We have planned a series of enhancements and additions to RISSK, which are maintained as issues. They can be categorized into the following broad areas:
- Deploy RISSK:
- Expand its application across diverse survey types and contexts.
- Actively seek feedback to refine the tool, address bugs, and gather more evidence on its efficacy.
- Improve usability:
- Introduce wrapper functions and enhance documentation to simplify its usage for new users.
- Provide additional outputs, including standardized summary reports and dashboards.
- Refine methodology:
- Minimize both false positives and negatives to bolster the reliability of the tool.
- Experiment with feature engineering, score design, and aggregation methods with more testing data.
- Make RISSK learn:
- Develop standardized framework for users to record review/verification outcome.

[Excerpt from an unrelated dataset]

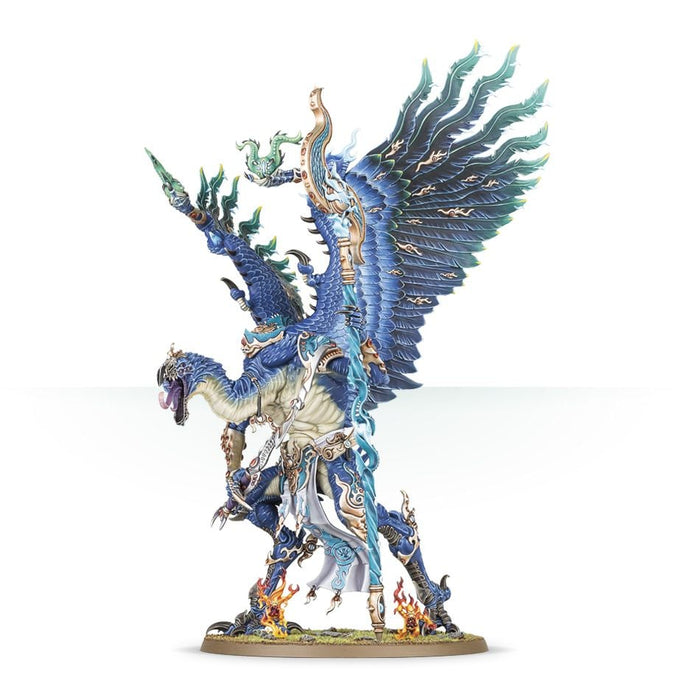 Warhammer: Age of Sigmar - Daemons of Tzeentch Lord of Change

- Produce an anonymized output format, allowing users to share data that can help refine RISSK's algorithms.
- For individual surveys: Establish a feedback loop enabling RISSK to adapt based on previous verification outcomes.
- Across different surveys: With standard verification outcome and access to more testing data, alternative methodologies can be explored, such as training neural networks, to enhance RISSK's prediction accuracy.